A ello contribuye una sensación generalizada de fin de época, incluso de fin de mundo, una atmósfera de estación terminal. Este descrédito del futuro alimenta el menosprecio de la reputación y del trabajo bien hecho. Tenemos prisa, no fijamos la vista, lo razonable nos impacienta. La trinidad posmoderna, desapego, entretenimiento y espectáculo, se presenta como la única salvación posible. La evasión ha pasado a ser la norma, en vez de la excepción.
Todo esto, que padecemos verdaderamente, no quiere constituirse en dictamen exhaustivo de lo que nos ocurre, ni puede ser esgrimido para demonizar la última de las generaciones que se incorpora al baile. Los problemas son de todos. Tampoco es cabal silenciar las ventajas de vivir en una época como la nuestra, sometida a cambios tan trepidantes. No todo es negativo en la liquidez posmoderna. La vida se ha vuelto muy interesante, y el nuestro es un tiempo preñado de oportunidades. Tenemos más posibilidades que nunca de ser libres. Gozamos de un sinfín de comodidades, ventajas con las que ni soñaban nuestros antepasados. Se han producido indiscutibles e irrenunciables avances sociales. Da la impresión de que cada vez somos más intolerantes con lo intolerable. Y tal vez pronto tengamos los medios materiales y los suficientes arrestos para que en el mundo no haya hambre, y se impongan la paz y la justicia. No obstante, solo alcanzaremos la mejor versión posible para este mundo si reconocemos y desarticulamos las amenazas que también traen los nuevos tiempos.
Vivimos igualmente en la era de la obsolescencia programada y la inextinguible sed de novedades. La economía contemporánea depende por completo de la innovación tecnológica; la cuestión es que esa idea de la incontestable superioridad de lo nuevo se aplica a lo social, despreciándose acríticamente todo lo que no sea reciente. Cuando uno se adentra en el fantástico mundo de lo tecnológico, es fácil deslizarse de la euforia a la arrogancia.

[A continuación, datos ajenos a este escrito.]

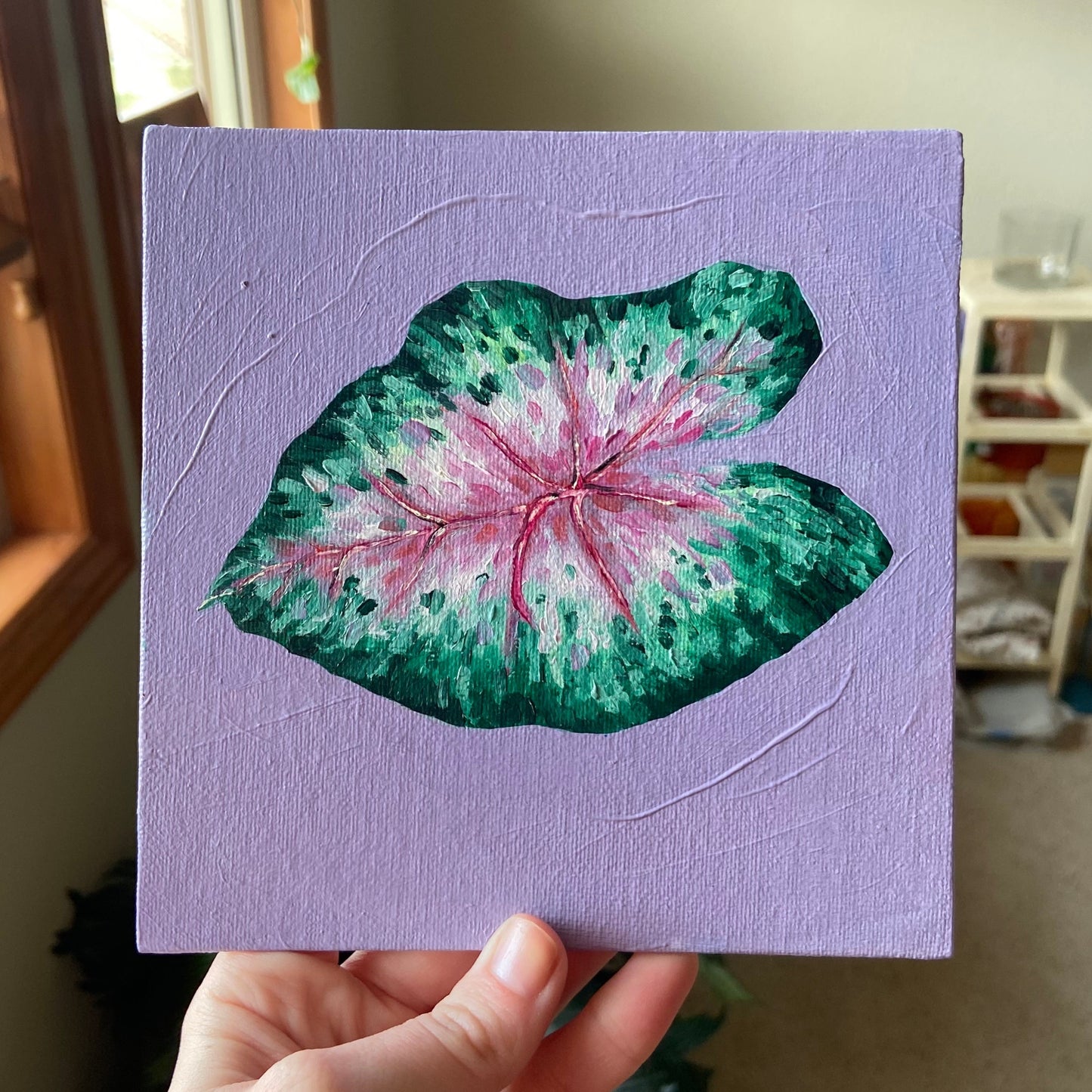 Alocasia study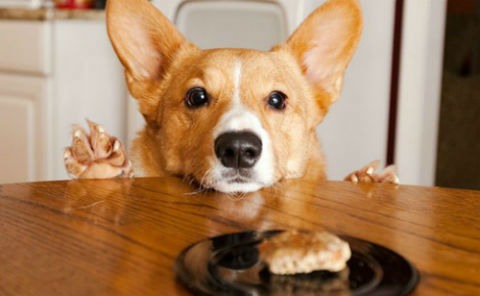 cambio de alimento de perro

Echemos un momento la vista atrás, y pensemos que el cuidado de la tribu constituyó una especie de paleoprofesionalidad. Los cazadores, recolectores y protectores de la tribu fueron los primeros en desarrollar modos eficientes y efectivos de desempeñar unas labores de las que dependía la subsistencia del grupo. Tales modos y principios vivieron una actualización durante la revolución neolítica. Tanto en uno como en otro caso, desarrollamos durante miles de años una natural veneración por la experiencia, como sedimento de las formas de hacer que funcionan. En la voz y el ejemplo de los experimentados, luego en los libros, más tarde en otros soportes, el ser humano sabe que debe su éxito a la acumulación de saberes y al beneficio de evitar la repetición de errores.